I spent the first few days getting to re-know the place. I’d seen the sights – the temples, the Haw Phra Kaew where there’s a sign pointing out where the jade buddha statue known as the Phra Kaew used to be before the Siamese looted it and brought it to Bangkok, where it remains a popular tourist attraction. I had gone to the National History Museum, to see the Lahu fabrics embroidered with images of bombs and helicopters, Buddha statuettes forged from the aluminum of downed American planes, pictures of fenceposts made from casings, the maps of the unspeakable UXO problem, my country’s attempt to annihilate the Ho Chi Minh Trail by ensuring that generations of children in Xiangkhouang Province would risk blowing their legs off on their way to school, the poorly reproduced photographs of jeunes communistes holding up signs saying “Là-bas Monsieur McNamara!” I figured I could just wander and see what was good.

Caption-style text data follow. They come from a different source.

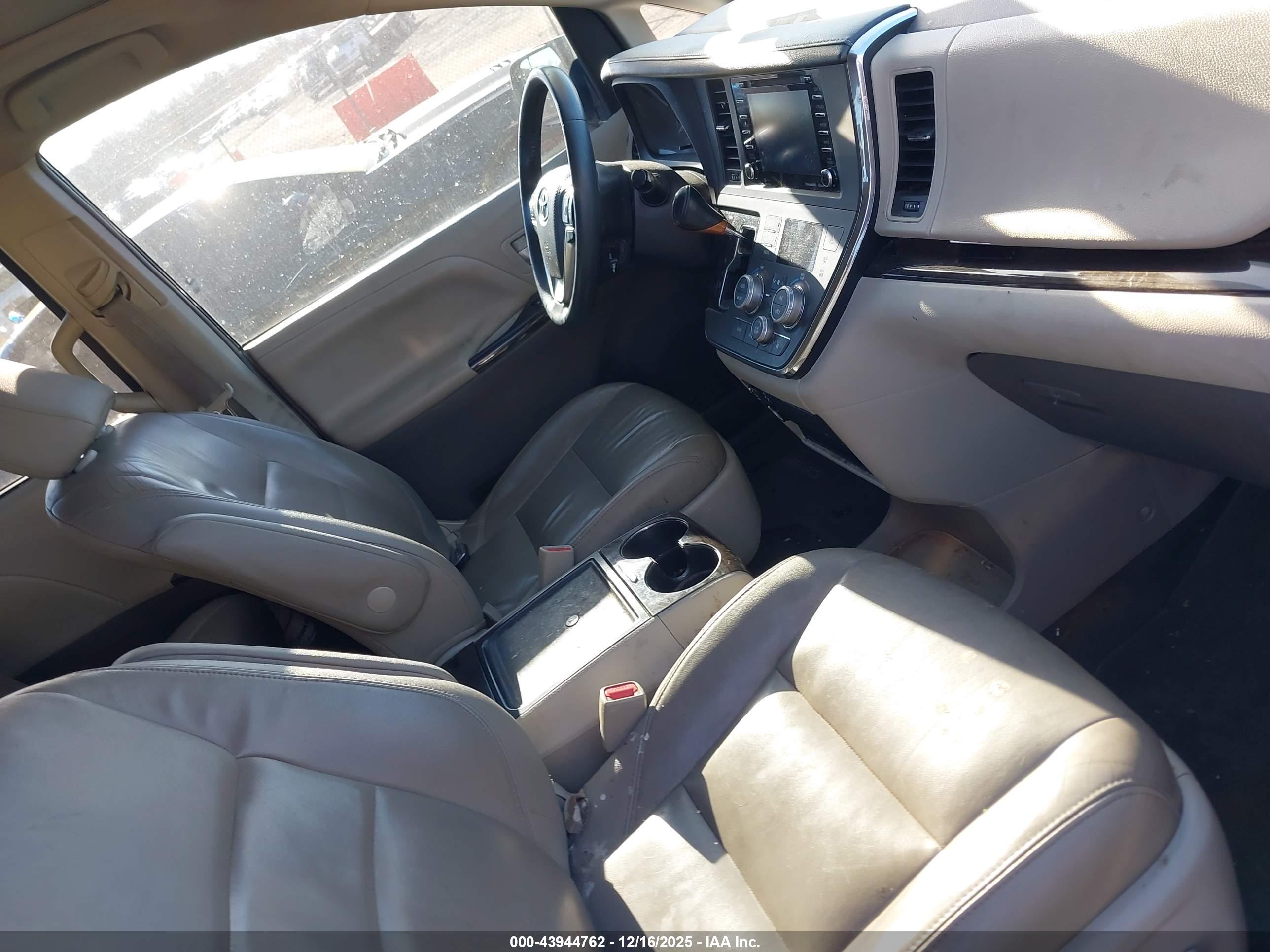TOYOTA SIENNA image 5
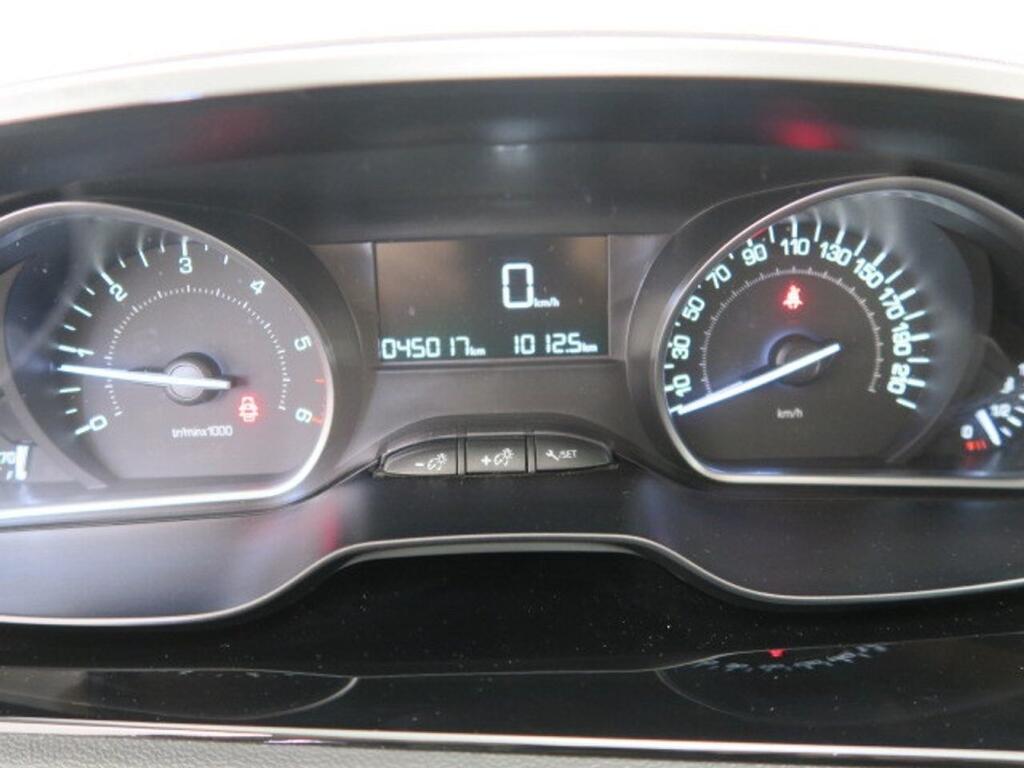 Peugeot 208 BlueHDi 73kW (100CV) Active 11
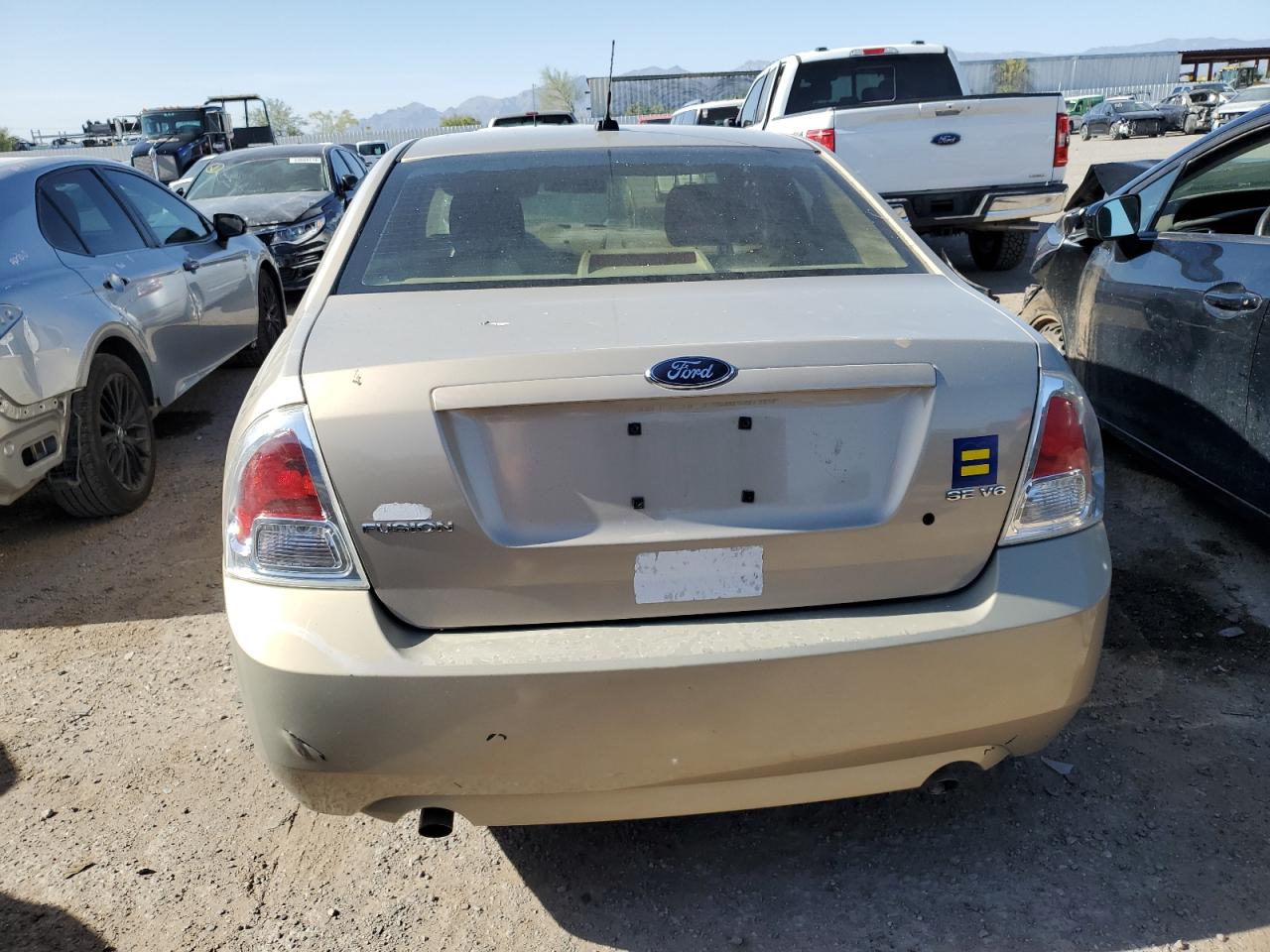 Photo 5 VIN: 3FAHP07178R189177 - FORD FUSION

I walked around, I went out. I went to a coffee tasting, as Lao coffees from the Bolaven Plateau are often quite fine. I befriended locals and expats alike, I ate with them and drank grotesque quantities of Beerlao and, if we were feeling fancy, a bit of the delightful Laodi rum, and had some damn good conversations.
The food of Laos remains a bit of a question mark. A walk down the downtown streets of Vientiane reveals far more Thai and Indian and Chinese and Italian and Korean and Vietnamese places and generic burger joints than Lao restaurants. Unfortunate, since the same people, speaking the same language, across the river in the Isan region of Thailand, make some of the best fucking food on earth. At the street stalls, most dishes, indeed, seem to be identical to their Thai versions, pad see iw and rat na and ubiquitous laap seem indistinguishable from what’s available in Thailand. The tam mak hung, their version of papaya salad, seems to be awfully similar to any som tam in Thailand. The jaew are indistinguishable from Thai nam phrik, the only major difference being that they’re still by necessity made by hand rather than industrially. And the backpacker’s favorite, the khao jee pa te, is really just a banh mi. The noodles are called pho and seem indistinguishable from the perfectly OK noodle soups found on streets throughout Southeast Asia.

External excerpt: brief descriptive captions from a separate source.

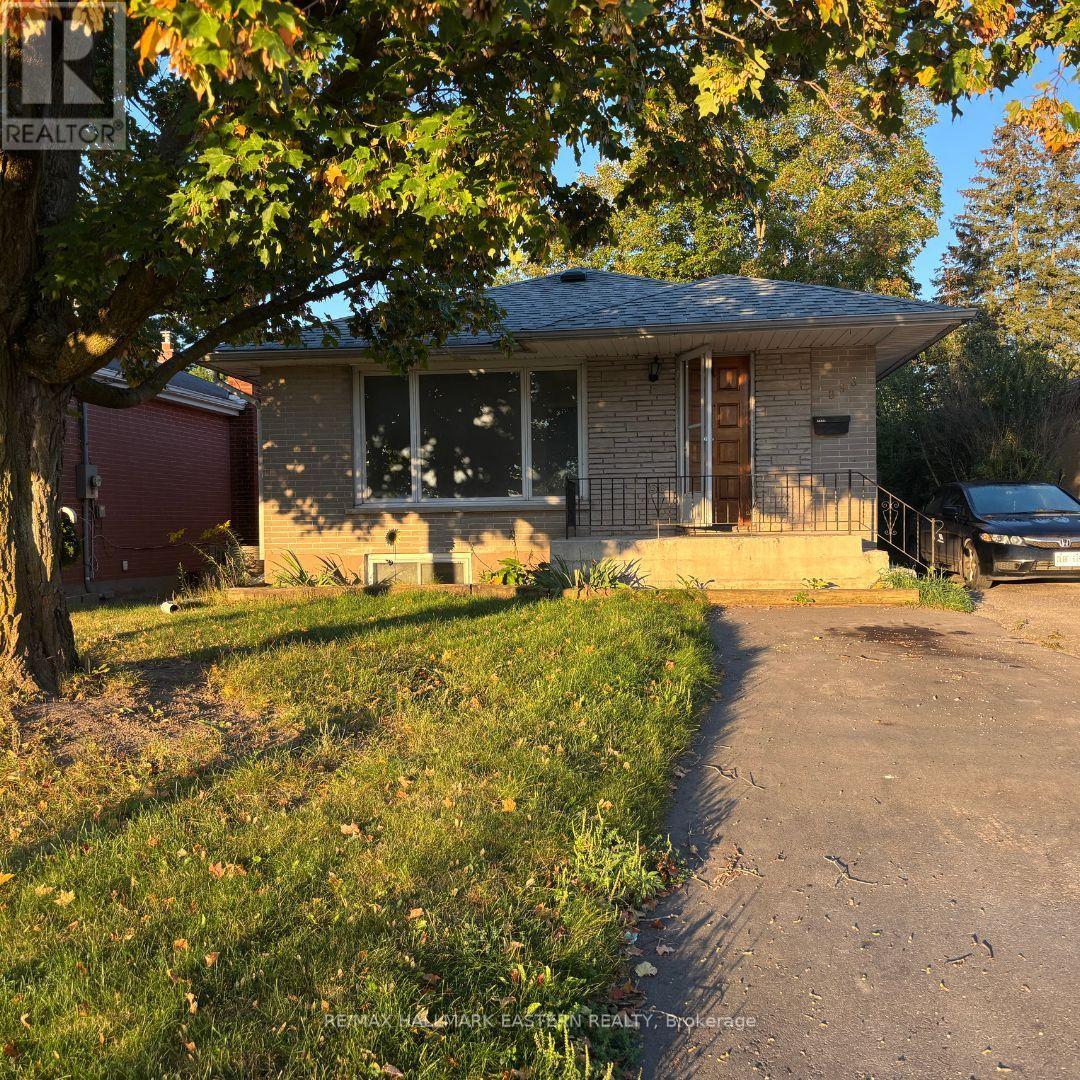 MAIN FLOOR UNIT - 893 FORD STREET, peterborough (otonabee ward 1), Ontario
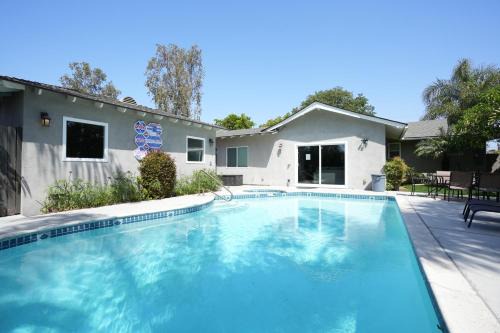Hermosa Village House | Sweet 5 Bedroom, 4 Bath Pool Home 1/2 Mile Walk To Disney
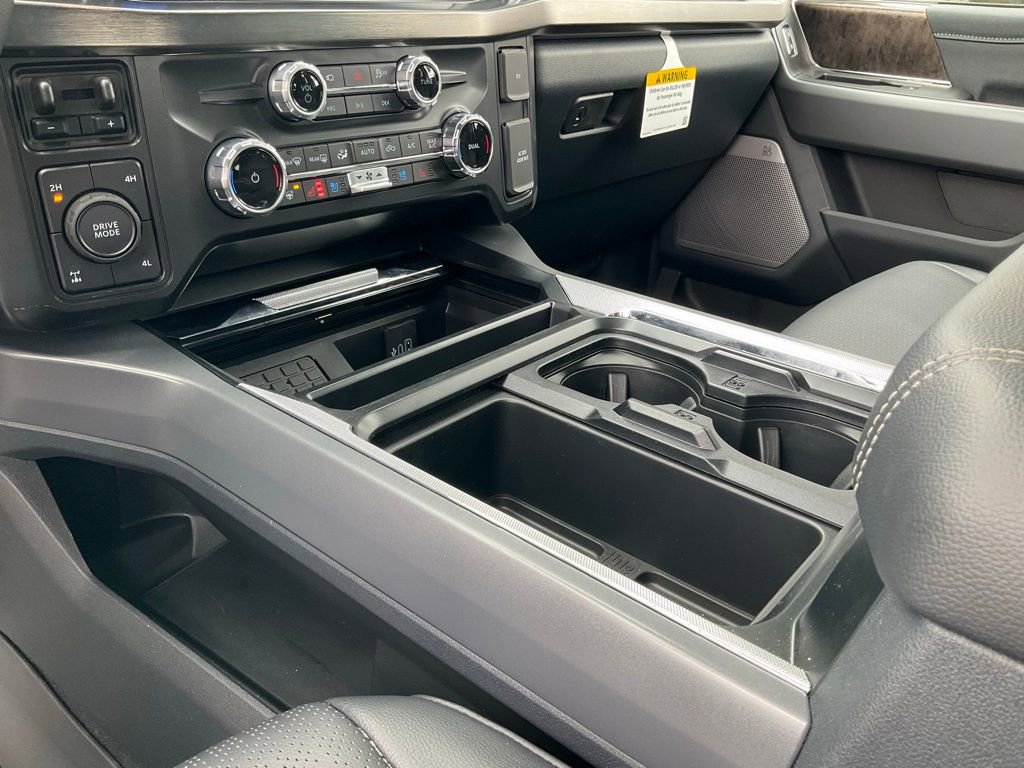 Certified 2025 Ford F350 Lariat w/ Black Appearance Package image 73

So what is uniquely Lao? One oft-cited example is or lam, the rich herbal stew flavored with the slightly numbing sakhan vine and thickened with buffalo skin. Unfortunately, it’s a gloopy, under-spiced swamp of a dish. Goy pa, the famed freshwater ceviche, has an unfortunate tendency to be lousy with liver flukes. I took my chances anyway (worth it, yum). I ate mok pa, the fatty fish and fragrant herbs wrapped in banana leaf, and salt-grilled pa yon, an impossibly buttery river fish that I still can’t find an English name for (Thai speakers, it’s ปลายอน in Thai, and I can’t find an English name – Thai Wikipedia refers me to pangasius, and it’s definitely not that). I ate grilled pork udders (chewy) and stewed beef lungs (intensely gamey and metallic), lake weeds and water bugs. The herbs – dill and cilantro and Thai basil and phak phaew and phak khayaeng and even the vile khao thong, or “fish mint” – are beautifully fresh.
And there’s a certain Lao-French restaurant that I was politely told not to tell the world about, where I ate buffalo tartare and crayfish dumplings and drank pastis as the monsoon rain pounded down on the roof. The French clientele gently mocked my silly accent and occasional misgendering of a noun. No air conditioning, Simone Weil books on the shelves, Can and Stereolab and Taeko Ohnuki on the soundsystem – this, too, is a thing of consummate beauty.

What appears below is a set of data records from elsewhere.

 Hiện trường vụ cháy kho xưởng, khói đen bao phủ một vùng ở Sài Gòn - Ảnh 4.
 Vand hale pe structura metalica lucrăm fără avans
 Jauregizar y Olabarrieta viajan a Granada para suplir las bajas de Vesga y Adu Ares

But the days went on, and on. Four days turned into a week. And then a week and a half.
I moved from hotel to hotel, each perfectly comfortable and reasonably priced, each feeling immensely temporary. I didn’t even bother to unpack.
As with the food, nothing seems original. The music is either Thai city pop or the standard Asian mix of contemporary K-pop and 2014-era Western pop music, The Chainsmokers and 1989-era Taylor Swift. The products in the stores are all Thai. Even half the shit at the duty free at the airport is Thai. With an adjacent culture with that much purchase and relative wealth, and with a mutually intelligible language, the media is all Thai television and Thai music videos. At the nicer cocktail bars, which varied from awful to perfectly OK, I could understand the highly Thaified Lao of the clientele with perfect clarity. I go to the mall, and the chain restaurants and coffee shops are all Thai. I try to buy clothes, and all the brands seem to be the sort of Chinese and Vietnamese brands you see on Shein that seem English-adjacent but are not English. Wow, a genuine Besor. And is that a real Mouve?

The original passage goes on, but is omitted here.